BRIEF: In your copy, include no images, and write out every entry below exactly as it stands.

(Beginning of RECORDS FOR THE TASK)

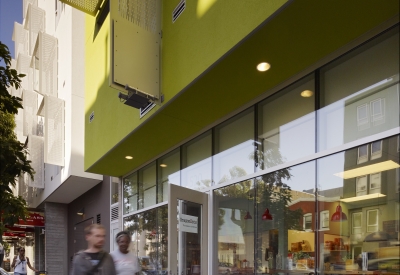 Retail spaces at Richardson Apartments in San Francisco.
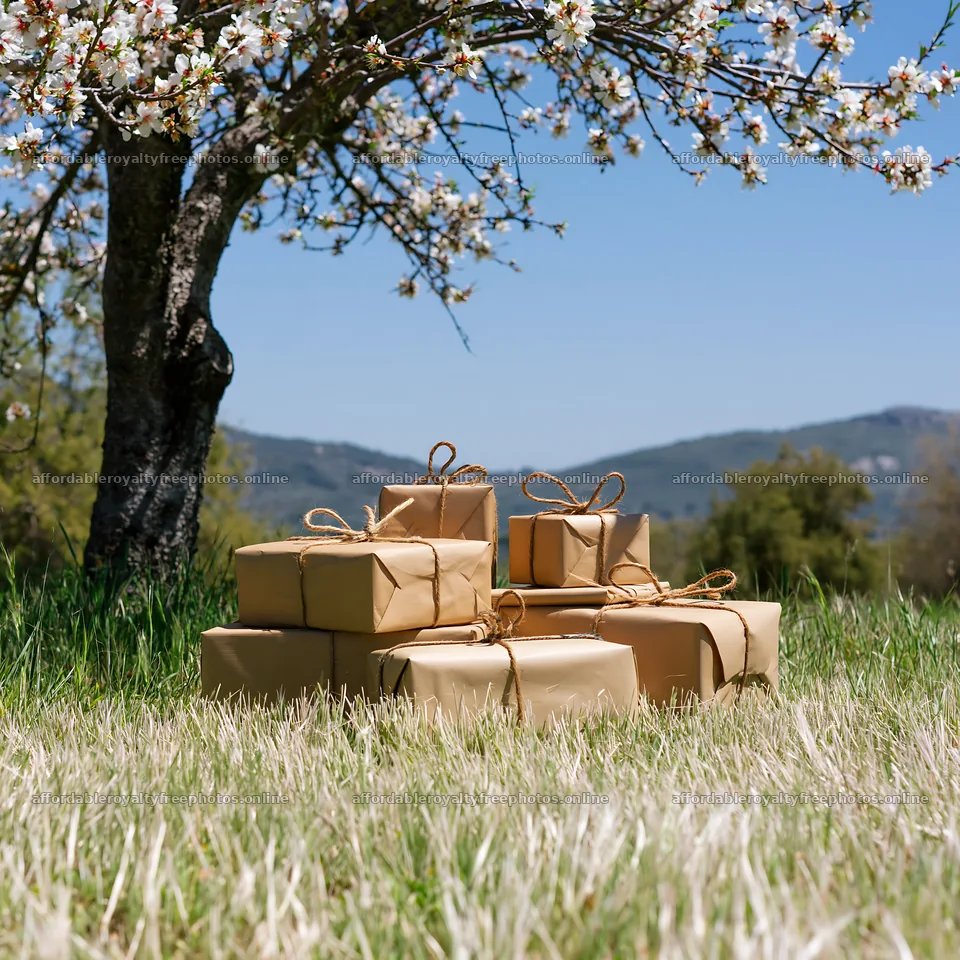 Wrapped gifts under a tree in a meadow on a sunny day – royalty-free photos 7938x7938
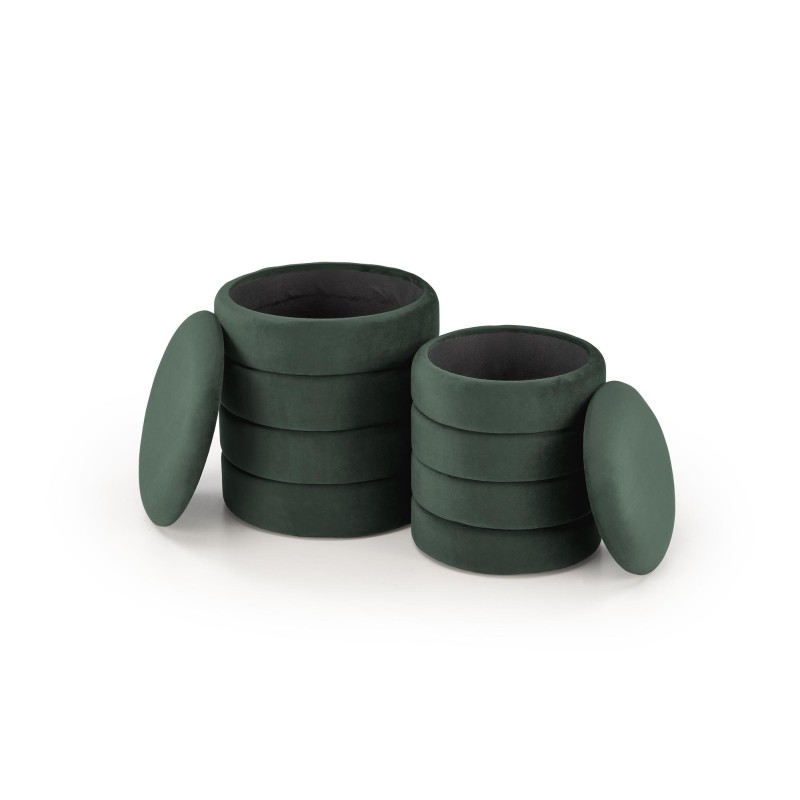 'PACHO Set of 2 Poufs, Dark Green' 'PACHO Set of 2 Poufs, Dark Green'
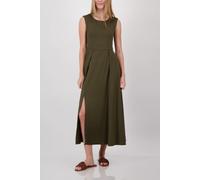 Maxikleid MONARI "Kleid uni", Damen, Gr. 36, N-Gr, olive, Web, Obermaterial: 96% Polyester, 4% Elasthan, unifarben, regular fit lang, Rundhals, Kleider Maxikleid, Regular fit mit Schlitzen (24855768-3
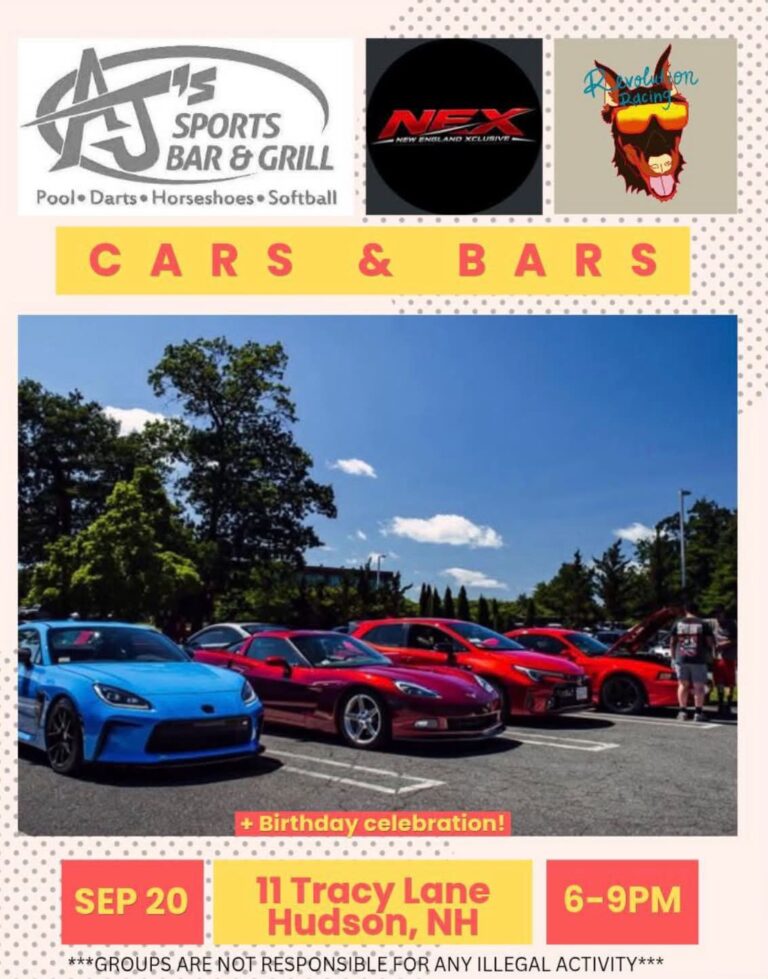 Flyer for Cars & Bars at AJ’s Sports Bar & Grill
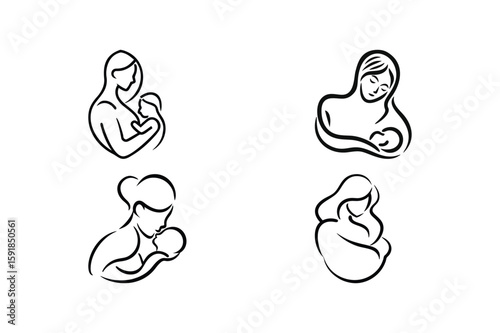 The Essence of Motherhood Minimalist Line Art Celebrating Maternal Love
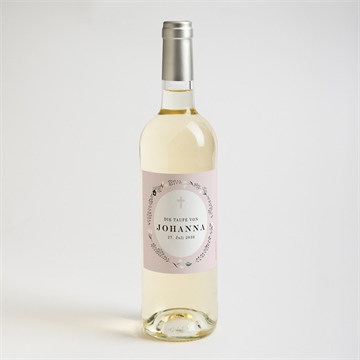 Flaschenetikett Taufe ring der natur rosa - Vue 2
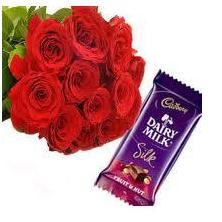 1 Cadburys Silk chocolates with 6 Red roses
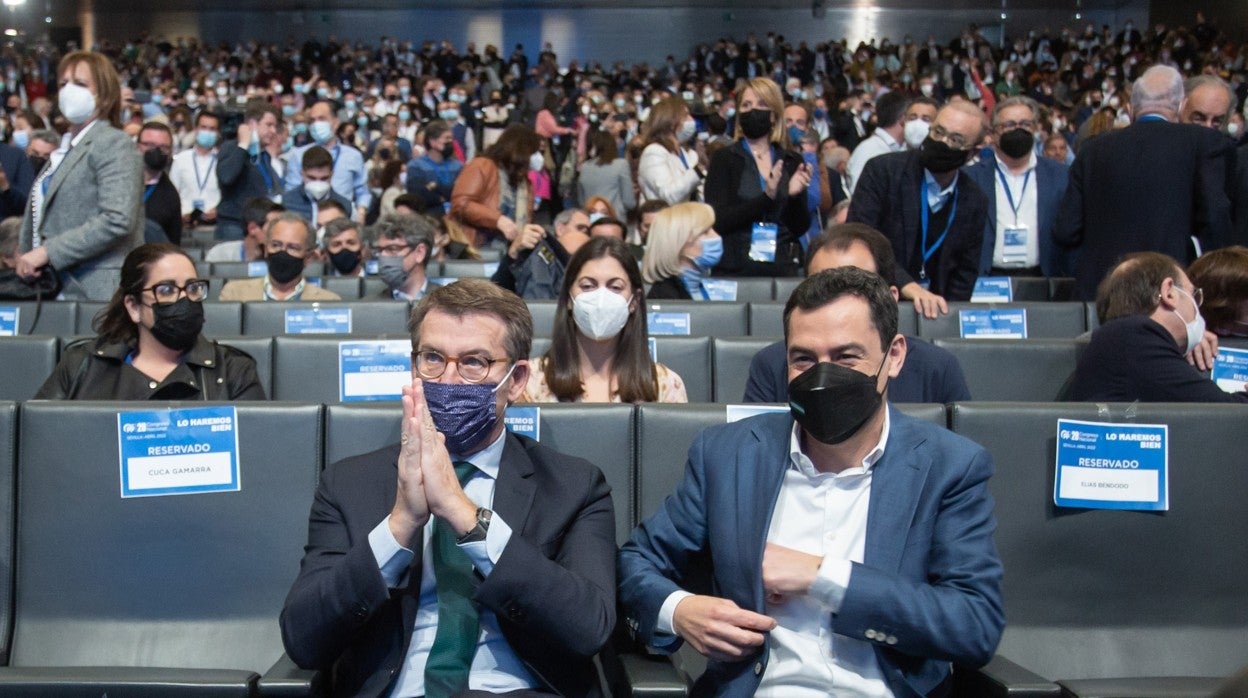 Congreso Nacional del PP en Fibes. Proclamación de Alberto Núñez Feijóo como nuevo presidente. Con la asistencia de Juan Manuel Moreno Bonilla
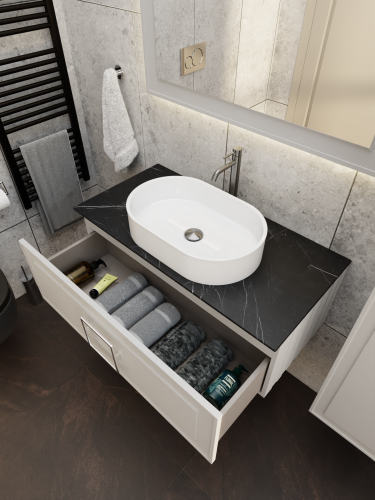 Тумба со столешницей La Fenice CUBO NFNC-01-CUB-C-100-3-GB 100х36х49 подвесная цвет бежевый - фото 5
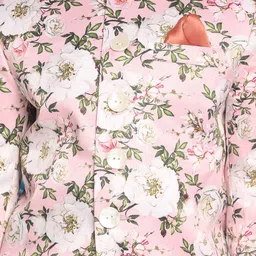 Vastramay Boys Pink Floral Jodhpuri Blazer image 3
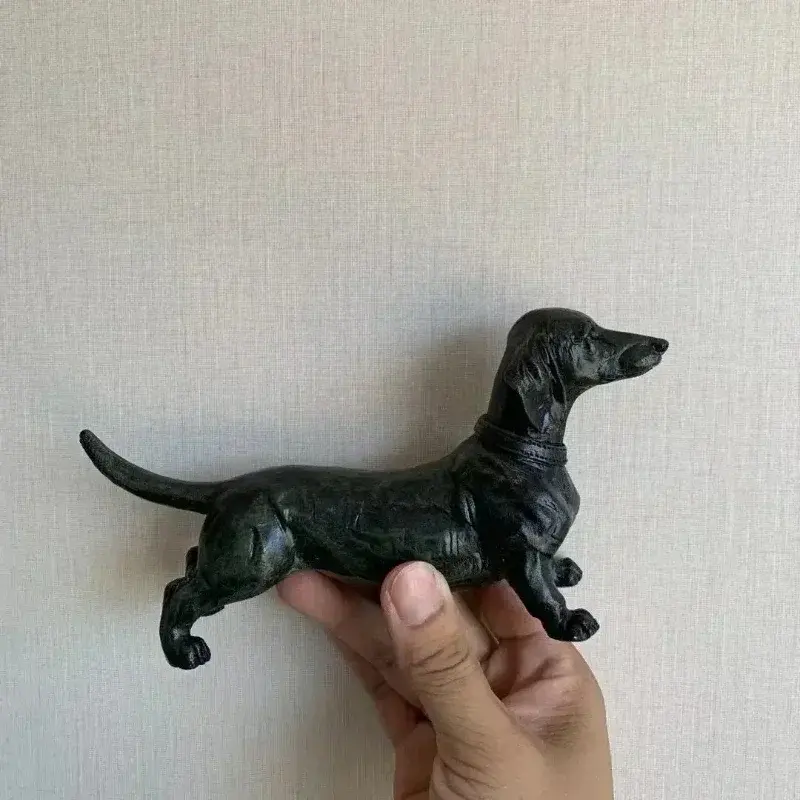 Craft Decoration Garden Sculpture Figures Dog Resin Dachshund Animal Pet Toys Figurine Black Ornament Animals Statue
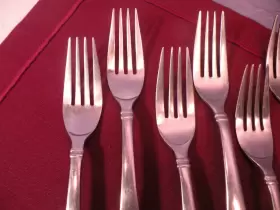 200076 Hampton Silversmiths Set Of 6 Dinner Forks Satin Stainless Concierto 7 7/8 Inch #2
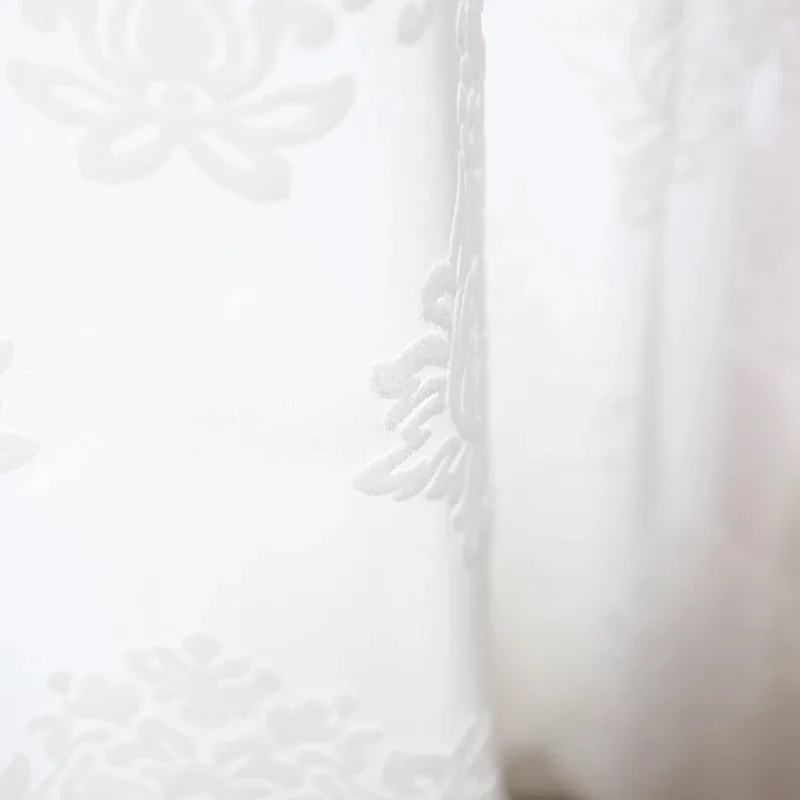 Модный стиль белые экраны простые 3D жаккардовые вышивки отвесная сетка тюль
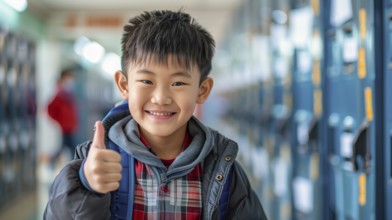 Cute asian school boy giving a thumbs up in the hallway of his school. generative AI, AI generated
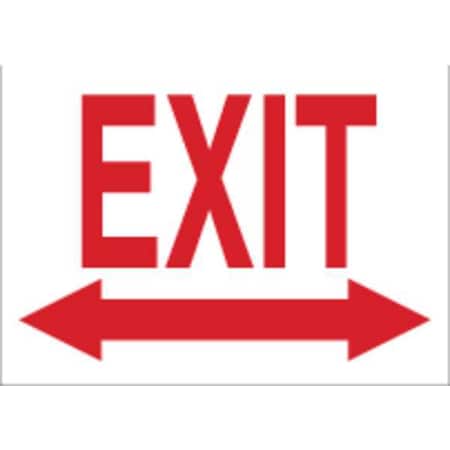 Exit Sign,10X14,R/WHT,Exit,ENG,SURF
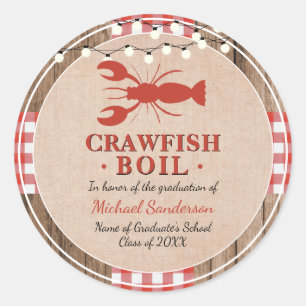 Crawfish Boil Lobster Graduation Party Rustic Classic Round Sticker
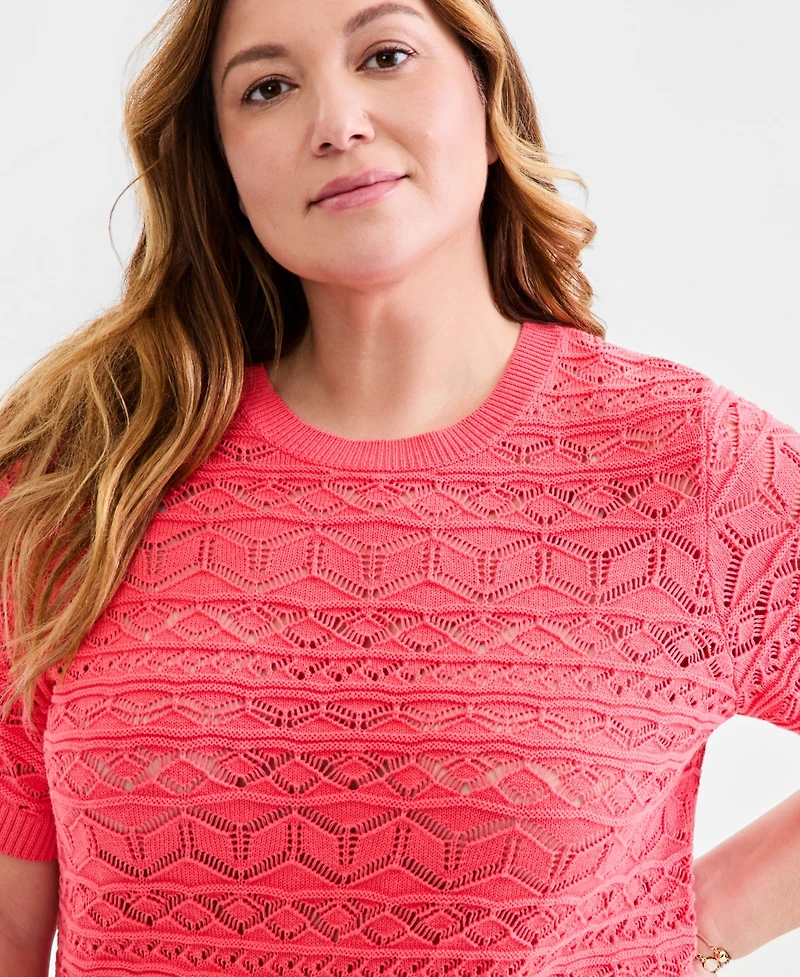 Style & Co Plus Short-Sleeve Cotton Pointelle Sweater, Macy's Exclusive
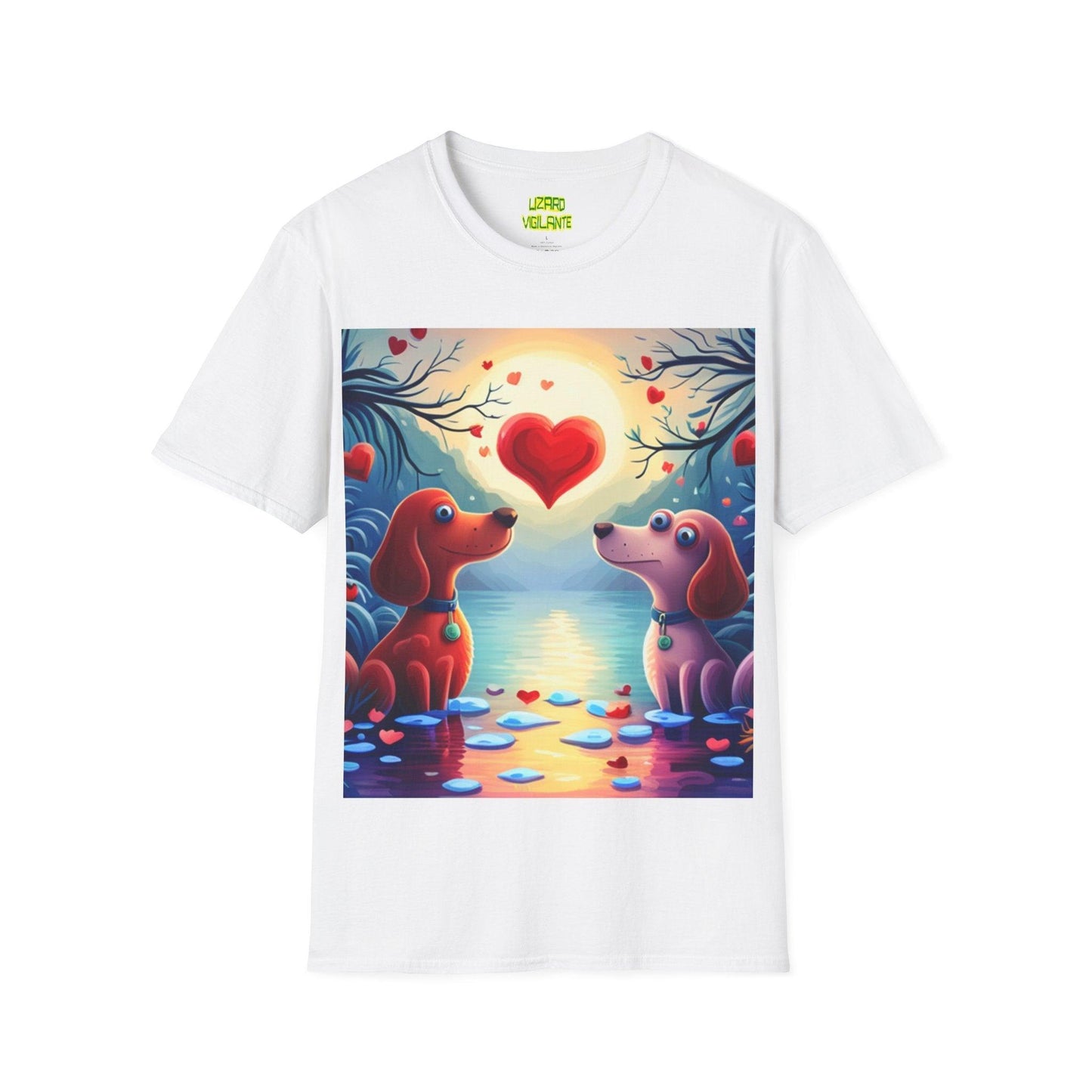 Valentine's Day Pup Hearts Unisex Softstyle Love T-Shirt - Lizard Vigilante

(End of RECORDS FOR THE TASK)

SOLUTION FOR THIS PROBLEM:
 Retail spaces at Richardson Apartments in San Francisco.
 Wrapped gifts under a tree in a meadow on a sunny day – royalty-free photos 7938x7938
 'PACHO Set of 2 Poufs, Dark Green' 'PACHO Set of 2 Poufs, Dark Green'
 Maxikleid MONARI "Kleid uni", Damen, Gr. 36, N-Gr, olive, Web, Obermaterial: 96% Polyester, 4% Elasthan, unifarben, regular fit lang, Rundhals, Kleider Maxikleid, Regular fit mit Schlitzen (24855768-3
 Flyer for Cars & Bars at AJ’s Sports Bar & Grill
 The Essence of Motherhood Minimalist Line Art Celebrating Maternal Love
 Flaschenetikett Taufe ring der natur rosa - Vue 2
 1 Cadburys Silk chocolates with 6 Red roses
 Congreso Nacional del PP en Fibes. Proclamación de Alberto Núñez Feijóo como nuevo presidente. Con la asistencia de Juan Manuel Moreno Bonilla
 Тумба со столешницей La Fenice CUBO NFNC-01-CUB-C-100-3-GB 100х36х49 подвесная цвет бежевый - фото 5
 Vastramay Boys Pink Floral Jodhpuri Blazer image 3
 Craft Decoration Garden Sculpture Figures Dog Resin Dachshund Animal Pet Toys Figurine Black Ornament Animals Statue
 200076 Hampton Silversmiths Set Of 6 Dinner Forks Satin Stainless Concierto 7 7/8 Inch #2
 Модный стиль белые экраны простые 3D жаккардовые вышивки отвесная сетка тюль
 Cute asian school boy giving a thumbs up in the hallway of his school. generative AI, AI generated
 Exit Sign,10X14,R/WHT,Exit,ENG,SURF
 Crawfish Boil Lobster Graduation Party Rustic Classic Round Sticker
 Style & Co Plus Short-Sleeve Cotton Pointelle Sweater, Macy's Exclusive
 Valentine's Day Pup Hearts Unisex Softstyle Love T-Shirt - Lizard Vigilante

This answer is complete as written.